I think the problem is that the current code assumes that there is always a negative query. One solution would be something like:

 def compute_similarities_to_text(
            self, item_features: np.ndarray,
            positive_queries: List[str], negative_queries: List[str]) -> List[Tuple[float, int]]:

        positive_features = self.compute_text_features(positive_queries)
        if len(negative_queries) > 0:
            negative_features = self.compute_text_features(negative_queries)
            text_features = np.add.reduce(positive_features) - np.add.reduce(negative_features)
        else:
            text_features = np.add.reduce(positive_features)

ramayer · 2021-10-04T10:08:58Z

Good point. I think the "--add" option is unnecessary. I'm happy to submit a version without it if we prefer
Thanks for catching that - fixing it now.

Rebased with: updates based on github code review feedback Github issue yurijmikhalevich#18 Co-authored-by: Yurij Mikhalevich <[email protected]>

ramayer · 2021-10-04T10:38:01Z

I think I fixed the bug.

I also created a branch without the explicit --add parameter here:
https://github.com/ramayer/rclip/tree/without_explicit_add_param
I don't have a strong opinion either way on that one.

I'm not sure how to re-open the pull request, though :( It seems it was closed when I was updating the branch.

ramayer · 2021-10-04T10:57:04Z

attempt at reopening using this technique: https://gist.github.com/guille-moe/cd41fdbc8969b15428a50af2543a5cfa --- sorry about my trouble with github

yurijmikhalevich · 2021-10-04T12:35:43Z

Hi @talpay, thank you for commenting.

This is where I was standing initially, but I changed my opinion recently.

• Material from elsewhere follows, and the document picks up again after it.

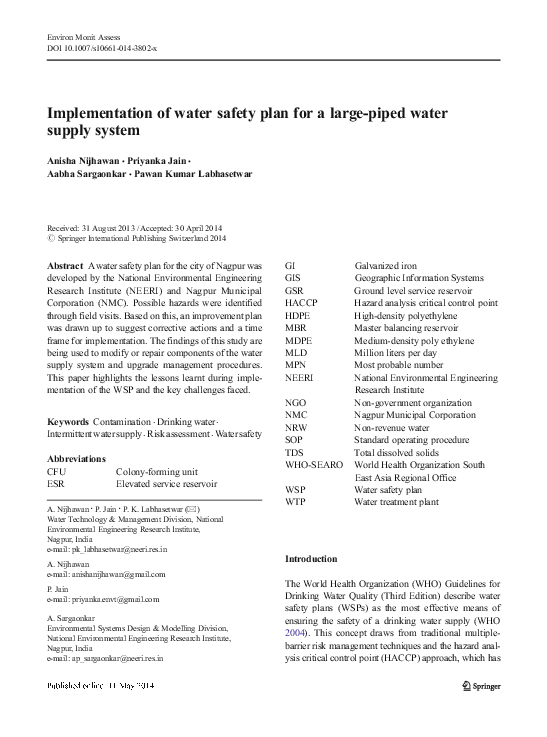 (PDF) Implementation of water safety plan for a largepiped water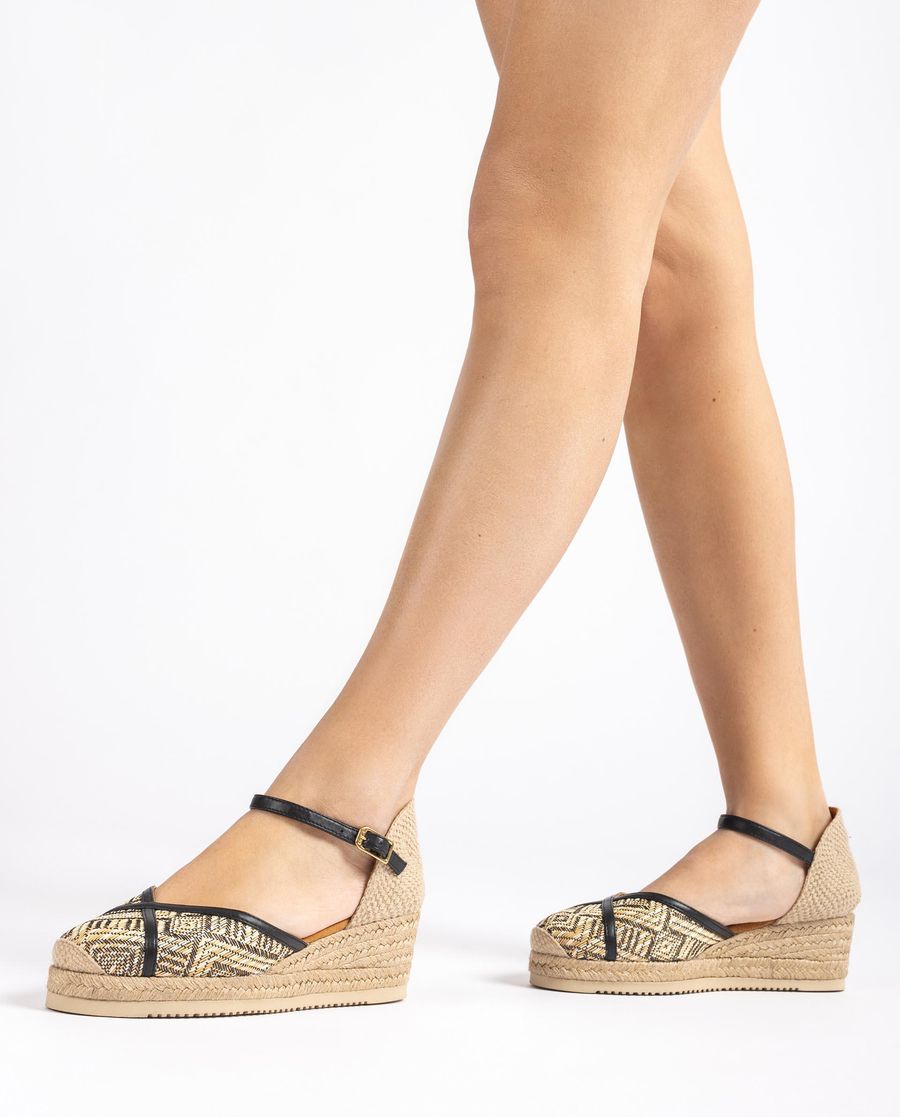 Espadrilles en raphia et cuir Unisa pour femme - Noir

I've checked and rclip "zebra black and white" and rclip "zebra" -a "black and white produce pretty similar, but different vectors.

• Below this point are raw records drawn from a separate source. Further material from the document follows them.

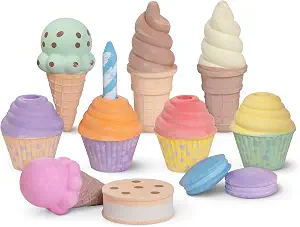 Melissa & Doug Ice Cream & Cake Chalk Set, 12-Piece Sidewalk Art Kit
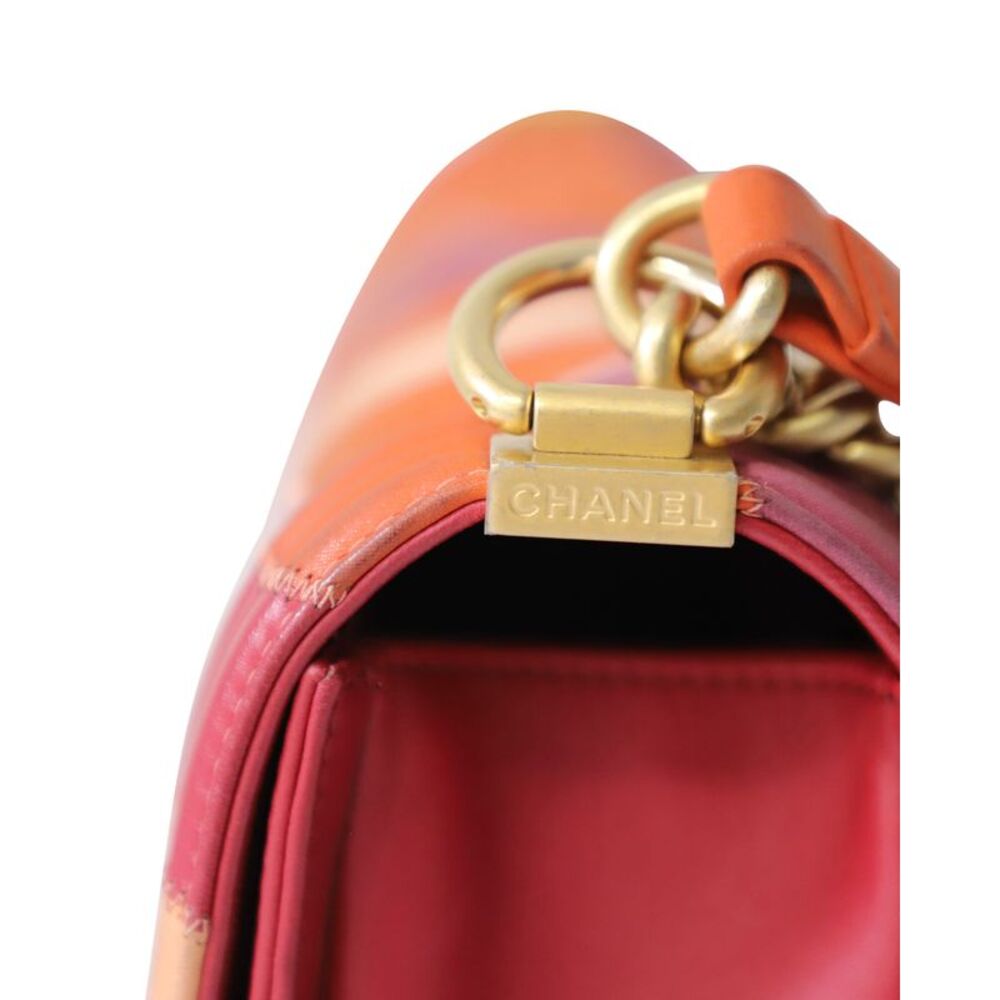 Chanel Limited Edition Patchwork Camelia Boy Bag in Multicolor Lambskin Leather - Picture 12 of 12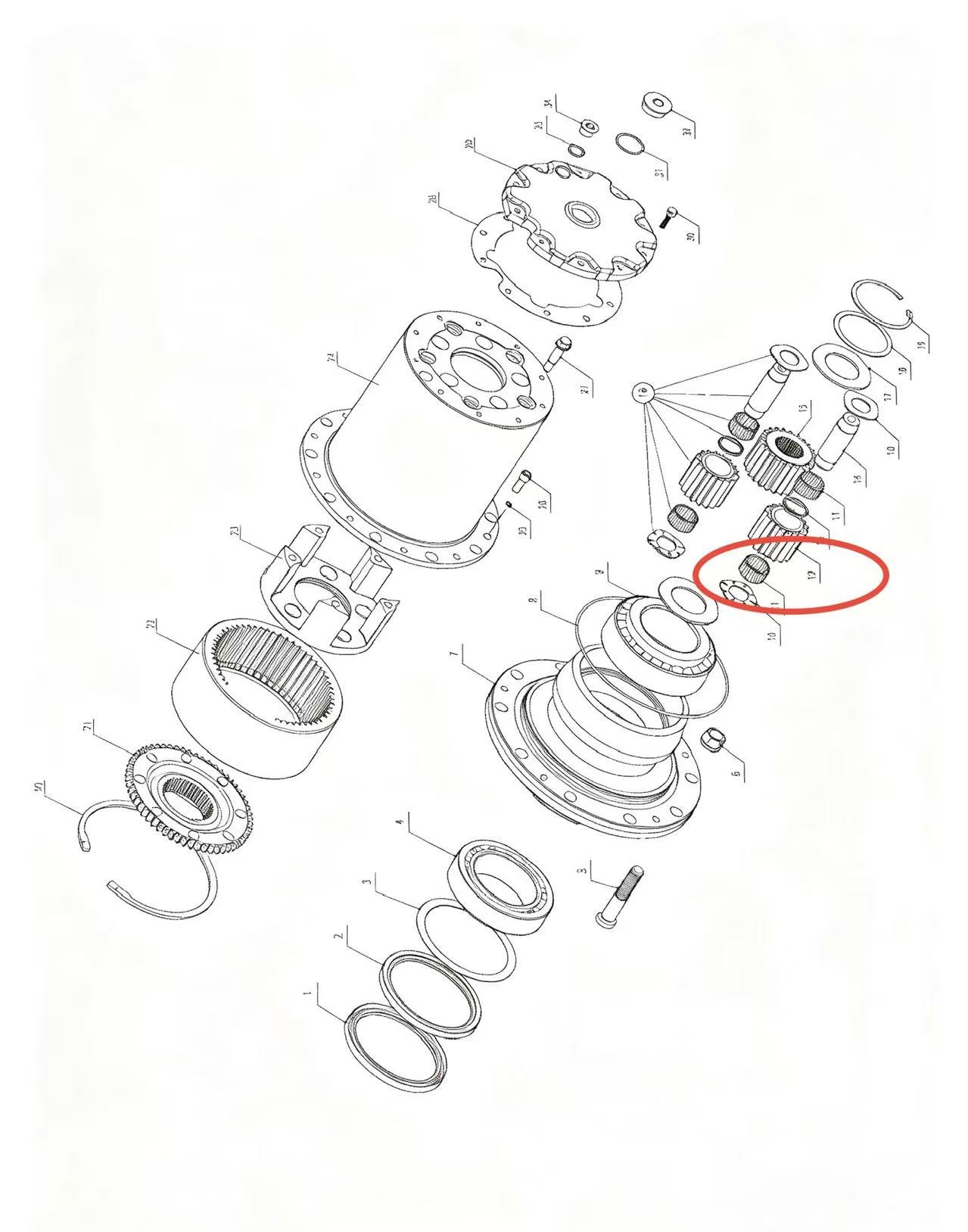 A2305015 ZOOMLION BRAND SPECIAL CHASSIS FOR TRUCK CRANE-WHEEL SIDE REDUCER ASSEMBLY-NEEDLE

More importantly, --add param will come in handy when we will start using images instead of the textual "query". Then -a will make perfect sense, for example: rclip ./daylight-forest-picture.jpg --add "night".

I believe that you will almost always be able to substitute --add with a properly phrased single query, but I think that we should leave it anyway for 1) future similar images lookup support 2) for flexibility. If you don't think that you need additions, don't use them, the change is non-breaking, and rclip will continue to support the "original" interface.

rclip/model.py

yurijmikhalevich · 2021-10-04T12:55:34Z

@ramayer, merged! Thank you! Great job! 😄

talpay · 2021-10-04T15:36:22Z

@yurijmikhalevich Thanks for the reply (and the awesome project). I've had a closer look and you're right, they're quite different and it is actually a very important distinction that should be clearly communicated:

rclip "zebra black and white"
leads to embedding(zebra black and white)

rclip "zebra" -a "black and white":
leads to embedding(zebra) + embedding(black and white)

These two might still get similar results but if we shift one more word, it should become clear:

rclip "zebra black" -a "and white":
leads to embedding(zebra black) + embedding(and white)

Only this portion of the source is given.